As duas localidades em que as amostras foram encontradas são ambientes de florestas nebulosas alto-montanas, conhecidas por serem de difícil acesso, e pertencem à Serra do Mar paranaense — um conjunto de elevações formadas por processos tectônicos que se originaram durante a Era Cenozóica, iniciada há 65,5 milhões de anos.

Associado à alta umidade, a floresta abrange uma área composta por árvores de pequeno porte, fornecendo habitat em abundância para plantas epífitas. De acordo com Smidt, docente da UFPR e orientador da pesquisa, a Malaxis é um gênero de Orchidaceae (maior família botânica do grupo das Monocotiledôneas).

O gênero está distribuído pelos trópicos e subtrópicos do planeta com cerca de 170 espécies. Destas, cerca de dez ocorrem no Brasil.

A maioria das espécies da família Orchidaceae, especialmente nos trópicos, são epífitas — plantas que vivem sobre outras usando-as como suporte.

“Em relação à Malaxis, o gênero possui tanto espécies epífitas, quanto terrestres. Aparentemente esta é a primeira espécie epífita do gênero descrita para o Brasil”, destaca.

As características mais visíveis da Malaxis engelsii envolvem a inflorescência densa, com flores bem coloridas, que variam entre laranja, branco e verde, dependendo da peça floral.

Registrada em artigo publicado recentemente na revista científica Lankesteriana, a descoberta é assinada por Smidt e pelo doutorando da Unesp, Thiago Faria do Santos, que fez uma revisão do gênero Malaxis no Brasil.

A parceria foi possível pelo credenciamento do docente Smidt, que atualmente orienta em três programas de pós-graduação, sendo dois na UFPR (PPG Botânica e PPG Ecologia e Conservação) e um na Unesp (PPG Biologia Vegetal). Smidt coordena na UFPR o Laboratório de Sistemática e Ecologia Molecular de Plantas (LSEMP), do qual todos fazem parte.

O pesquisador Santos afirma que as Malaxis são plantas pouco conhecidas pela ciência, com registros raros na natureza. Também possuem características exóticas se comparadas a outras orquídeas, principalmente pela sua morfologia.

“Elas possuem inflorescências que lembram um guarda-chuva e têm flores bem pequenas, além de ocorrerem no chão da floresta, o que as torna ainda mais peculiares”, detalha.

O pesquisador ainda descreve o habitat da nova espécie como “um ambiente místico, quase proibido para a exploração humana. É onde as nuvens abraçam a floresta, um tipo de ambiente caracterizado pelo alto grau de endemismo [espécies restritas ao habitat], com plantas especializadas para viverem ali”.

A descoberta amplia a compreensão sobre a biodiversidade e é considerada de alta relevância pelos pesquisadores por contribuir diretamente com o progresso científico.

“Conhecer as características únicas de uma planta pode levar, por exemplo, ao desenvolvimento de novos medicamentos, materiais ou tecnologias.
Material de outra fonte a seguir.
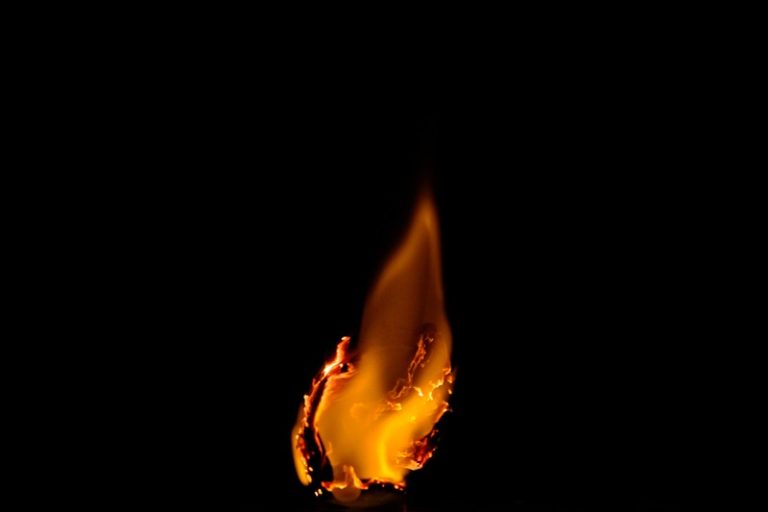 ドナちゃん役のトリ・スぺリングが、火鉢で第三度の火傷（＆私が第二度のやけどをした時のハナシ）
Assim, a descrição da natureza não é tarefa secundária; ela é o desenvolvimento tecnológico e científico”, diz Santos.

Espécie é exemplo da biodiversidade que falta ser conhecida para guiar preservação
Apesar de recém-descoberta, na avaliação dos cientistas a espécie Malaxis engelsii está apta a ser enquadrada pelo sistema da IUCN (União Internacional para Conservação da Natureza) como “em perigo”, baseado no número de registros da espécie, da qualidade e da abrangência de seu habitat.
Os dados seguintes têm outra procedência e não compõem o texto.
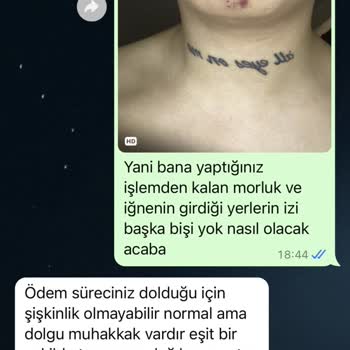 Estetikte Hayal Kırıklığı Ve Hijyen Sorunu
A condição serve como guia para identificação de áreas que mais necessitam de ações de preservação voltadas para proteção da biodiversidade.

Smidt explica que, de modo geral, isso significa a necessidade de medidas de conservação para esta espécie, seja protegendo o habitat, seja produzindo conhecimento sobre suas características e ecologia, como polinizadores e fungos associados ao seu crescimento, por exemplo.
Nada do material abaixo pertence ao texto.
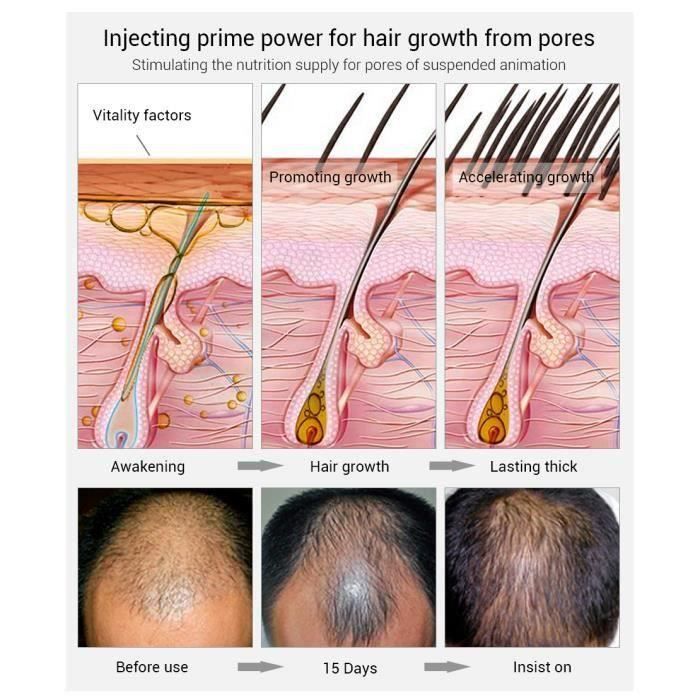 LANBENA Hair Growth Essence Spray Product Preventing Baldness Consolidating Anti Hair Loss Nourish Roots Easy To Carry Hair Care - Cdiscount Au quotidien LANBENA Hair Growth Essence Spray Product Preventing Baldness Consolidating Anti Hair Loss Nourish Roots Easy To Carry Hair Care - Cdiscount Au quotidien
O fato de a descoberta ser registrada na Mata Atlântica também funciona como um alerta para os pesquisadores.

“O Brasil é o país mais biodiverso do planeta e uma em cada cinco plantas no mundo só ocorrem aqui. Dentro do país, o bioma mais rico e ameaçado é a Mata Atlântica. Descobrir espécies novas nesse bioma, cuja área atual é cerca de 10% de sua área original, mostra o quanto ainda precisamos estudá-lo para protegê-lo”.